Night, Shrimp shack, rain, Frank the Shrimp Guy taking out the trash, Sawyer has his gun, slam to black.
Back from commercials, Charlie is breaking open...melons coconuts, I guess? On a stake. "You've become good at that," says Sayid, or something in that vein. Charlie bitters that he knows Sayid is there to check up on him. Sayid says, very simply, "You killed a man." Charlie goes off on the who and the what and the where and the why and the deserving and the hey-nonny-nonny, but I don't think Sayid was passing any kind of judgment, myself. In fact, he tells the following story (and it's just Storytime on the Island today, lemme tell you what): "When I was in the army in Tikrit, the man who lived next door was a policeman. His car was rigged with a bomb, but it blew up his wife and child instead. When they caught the man who did it, I volunteered to be on the firing squad. I felt no remorse at all afterwards. And yet I found myself waking up at night afterwards, thinking about it. All I'm saying is that this will be with you for the rest of your life." Or something a good deal like that. "Any suggestions?" asks Charlie. "You're not alone. Don't pretend to be," says Sayid. "Shit, half the people on this island have killed someone. Kate has, Sawyer has, Jack probably killed someone on the operating table. I was in a damn war. Jin's in the Korean mafia. Hell, it took two people to kill Agent Shrapnel, and, y'know, only the shadow knows where Vincent goes at night." So... thanks, Sayid.
Shhhh, we's huntin' boar. "I take comfort in knowing that someday, all of this'll be a shopping complex," grouses Sawyer. Well, you know, polar bears need good deals and great prices, too. Then Kate finds a hog wallow (or, as we would say down here in Sawyer country, a waller) and some tusk rubbings on a tree trunk.

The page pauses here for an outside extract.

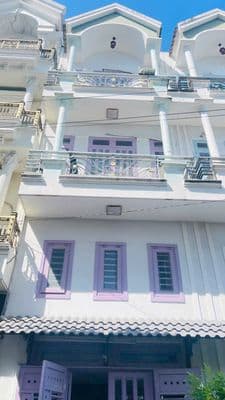 Nhà đẹp- 4 tầng– khu dân cư đồng bộ- giá 5.3 tỷ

And then there's squealing and Sawyer goes crashing off into the woods and comes back with... a boar piglet, which he proceeds to bully for a few minutes (Kate: "You're gonna huuuuurt it!") until it does something to him--bite? I dunno, I was laughing too hard--and runs away, and Kate shouts at Sawyer to find his own way home. (ETA: People are telling me that Kate kicked him in the shins.)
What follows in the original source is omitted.